I had been thinking of following the small roads south of the R712 into Kilkenny, but my legs were almost beyond coping with any more gradients, so I hit the old main road at Royal Oak and covered the last 20 km or so the easy way. This road used to be pleasant enough to cycle, but the traffic is now hellish. As a fairly useless form of compensation, the old hard shoulder, which we always used to use for riding on, has been decorated with bike pictograms. This doesn’t inhibit people from pulling their SUVs over to have phone conversations, etc. And of course the cycle facility disappears completely at the one point where it would have a real use, the busy Paulstown junction, where you need eyes all round your head and good timing.

I can’t quite remember to what extent the blustery wind was a headwind.
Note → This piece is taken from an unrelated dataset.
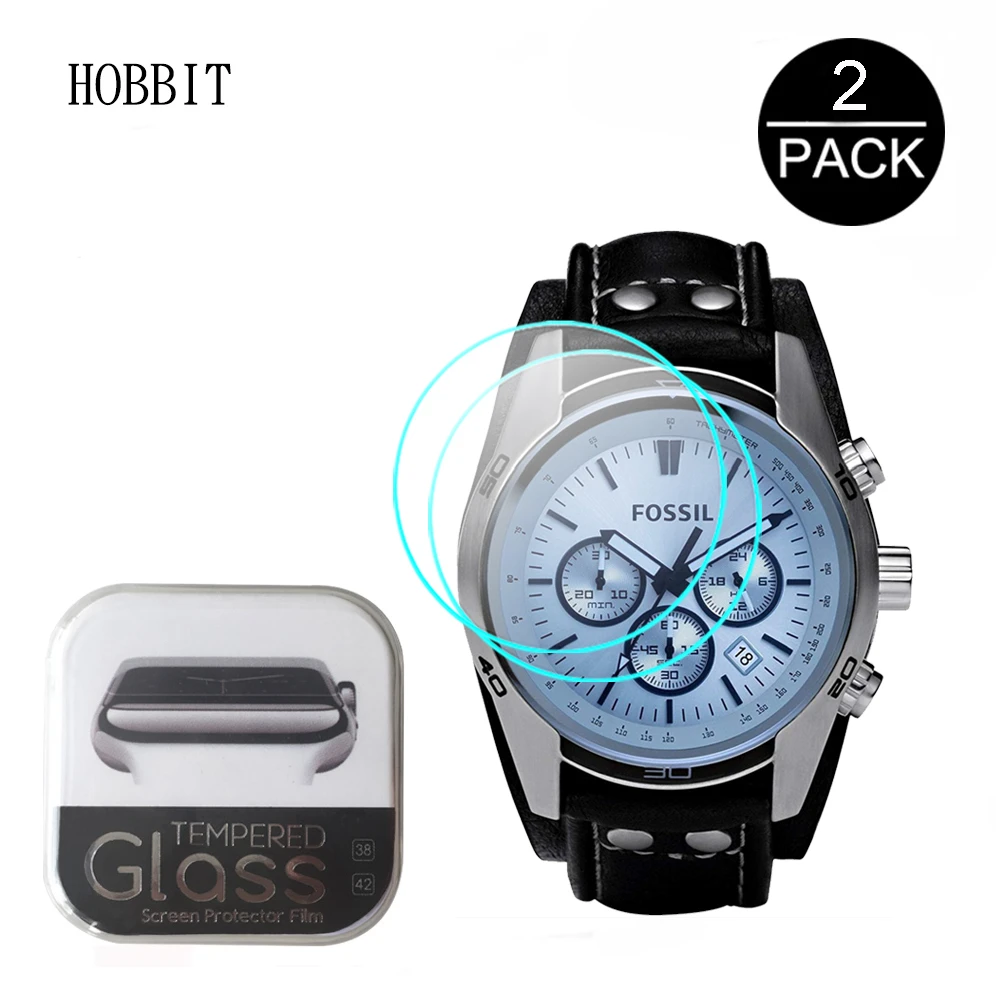 2pcs 2.5D Clear Tempered Glass Fossil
I think headwinds get shut out of my normal mental processing. A headwind has no time and no distance. The only important thing about it is that it’s going to be over; and as soon as it’s over, it’s like it never happened. Whatever; the stretch to Kilkenny was about traffic noise, wind and complaining quads – this on a total of about 90 km for the day; that’s how unfit I was.

The approaches to Kilkenny town have a collection of attempts at bike paths which are  gobsmackingly substandard – at one point delivering me to the side of a two-lane roundabout with no crossing and an unbroken heavy flow of traffic. I had to go back about 40 yards and join the traffic on the inside lane, mustering up the effort to get with the flow of cars. The continuation of the path on the other side was interrupted by deep entranceways and none of its crossings with side roads was properly organized.

In terms of the terrain, distances, places to see and accommodation, the southeast is a fantastic part of the world for cycle touring. Scenic mountains, beaches, antiquities, rolling farmland, rivers … But if you want to market it successfully to continental visitors, you really need to see the quality of the cycling infrastructure and the general experience of cycling (driver behaviour) through the eyes of people used to German, or Dutch, or Italian, or Scandinavian standards. Fantastic trips could be had not just riding on the Waterford greenway but also to it from Dublin, and back again – say down via Wicklow, Kilkenny and Lismore and back via the Wexford coast. But some level of strategic effort is needed to avoid giving such tourists dispiriting, or downright dangerous and traumatic experiences.

Having got that off my chest, I have to say a big thank you to the Club House Hotel for letting me in in my bedraggled state, having been washed multiple times during the day. The hotel was also excellent value. And just for a little joke on me, the evening turned all balmy, as though the filthy weather of the day had never happened.